## PROBLEM
Please repeat the records, word for word and without gaps.

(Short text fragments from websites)

::::::::::

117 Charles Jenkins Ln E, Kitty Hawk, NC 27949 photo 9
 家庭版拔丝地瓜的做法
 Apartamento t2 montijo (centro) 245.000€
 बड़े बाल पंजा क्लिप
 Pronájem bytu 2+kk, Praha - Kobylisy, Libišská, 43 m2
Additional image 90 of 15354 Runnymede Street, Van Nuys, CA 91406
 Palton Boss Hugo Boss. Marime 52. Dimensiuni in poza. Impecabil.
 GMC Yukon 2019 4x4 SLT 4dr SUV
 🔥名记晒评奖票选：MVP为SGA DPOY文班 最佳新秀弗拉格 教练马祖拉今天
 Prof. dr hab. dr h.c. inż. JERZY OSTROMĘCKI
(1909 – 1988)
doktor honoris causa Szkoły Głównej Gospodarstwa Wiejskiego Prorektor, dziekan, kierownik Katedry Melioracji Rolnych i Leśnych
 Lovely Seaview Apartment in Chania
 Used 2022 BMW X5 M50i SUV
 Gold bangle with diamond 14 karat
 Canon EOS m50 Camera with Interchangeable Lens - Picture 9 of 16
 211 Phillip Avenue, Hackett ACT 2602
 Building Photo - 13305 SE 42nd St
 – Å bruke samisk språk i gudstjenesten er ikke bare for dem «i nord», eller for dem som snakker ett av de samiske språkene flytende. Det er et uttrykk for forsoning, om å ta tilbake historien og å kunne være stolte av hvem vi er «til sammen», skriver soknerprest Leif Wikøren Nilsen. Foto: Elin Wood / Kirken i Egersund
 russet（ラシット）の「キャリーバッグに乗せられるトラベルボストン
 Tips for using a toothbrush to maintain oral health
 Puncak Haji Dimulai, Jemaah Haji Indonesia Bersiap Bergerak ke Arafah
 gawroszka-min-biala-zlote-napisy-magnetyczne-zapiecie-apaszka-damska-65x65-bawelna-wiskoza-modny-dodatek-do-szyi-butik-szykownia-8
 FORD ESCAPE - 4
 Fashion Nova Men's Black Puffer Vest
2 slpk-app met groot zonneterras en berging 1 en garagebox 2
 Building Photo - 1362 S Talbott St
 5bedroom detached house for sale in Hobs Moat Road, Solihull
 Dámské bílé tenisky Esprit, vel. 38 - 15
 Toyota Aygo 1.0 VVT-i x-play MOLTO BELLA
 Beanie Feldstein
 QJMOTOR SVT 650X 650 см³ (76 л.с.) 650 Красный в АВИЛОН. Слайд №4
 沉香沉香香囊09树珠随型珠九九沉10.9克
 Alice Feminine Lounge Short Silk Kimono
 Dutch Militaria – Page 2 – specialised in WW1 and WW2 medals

::::::::::

## EXERCISE OUTPUT
117 Charles Jenkins Ln E, Kitty Hawk, NC 27949 photo 9
 家庭版拔丝地瓜的做法
 Apartamento t2 montijo (centro) 245.000€
 बड़े बाल पंजा क्लिप
 Pronájem bytu 2+kk, Praha - Kobylisy, Libišská, 43 m2
Additional image 90 of 15354 Runnymede Street, Van Nuys, CA 91406
 Palton Boss Hugo Boss. Marime 52. Dimensiuni in poza. Impecabil.
 GMC Yukon 2019 4x4 SLT 4dr SUV
 🔥名记晒评奖票选：MVP为SGA DPOY文班 最佳新秀弗拉格 教练马祖拉今天
 Prof. dr hab. dr h.c. inż. JERZY OSTROMĘCKI
(1909 – 1988)
doktor honoris causa Szkoły Głównej Gospodarstwa Wiejskiego Prorektor, dziekan, kierownik Katedry Melioracji Rolnych i Leśnych
 Lovely Seaview Apartment in Chania
 Used 2022 BMW X5 M50i SUV
 Gold bangle with diamond 14 karat
 Canon EOS m50 Camera with Interchangeable Lens - Picture 9 of 16
 211 Phillip Avenue, Hackett ACT 2602
 Building Photo - 13305 SE 42nd St
 – Å bruke samisk språk i gudstjenesten er ikke bare for dem «i nord», eller for dem som snakker ett av de samiske språkene flytende. Det er et uttrykk for forsoning, om å ta tilbake historien og å kunne være stolte av hvem vi er «til sammen», skriver soknerprest Leif Wikøren Nilsen. Foto: Elin Wood / Kirken i Egersund
 russet（ラシット）の「キャリーバッグに乗せられるトラベルボストン
 Tips for using a toothbrush to maintain oral health
 Puncak Haji Dimulai, Jemaah Haji Indonesia Bersiap Bergerak ke Arafah
 gawroszka-min-biala-zlote-napisy-magnetyczne-zapiecie-apaszka-damska-65x65-bawelna-wiskoza-modny-dodatek-do-szyi-butik-szykownia-8
 FORD ESCAPE - 4
 Fashion Nova Men's Black Puffer Vest
2 slpk-app met groot zonneterras en berging 1 en garagebox 2
 Building Photo - 1362 S Talbott St
 5bedroom detached house for sale in Hobs Moat Road, Solihull
 Dámské bílé tenisky Esprit, vel. 38 - 15
 Toyota Aygo 1.0 VVT-i x-play MOLTO BELLA
 Beanie Feldstein
 QJMOTOR SVT 650X 650 см³ (76 л.с.) 650 Красный в АВИЛОН. Слайд №4
 沉香沉香香囊09树珠随型珠九九沉10.9克
 Alice Feminine Lounge Short Silk Kimono
 Dutch Militaria – Page 2 – specialised in WW1 and WW2 medals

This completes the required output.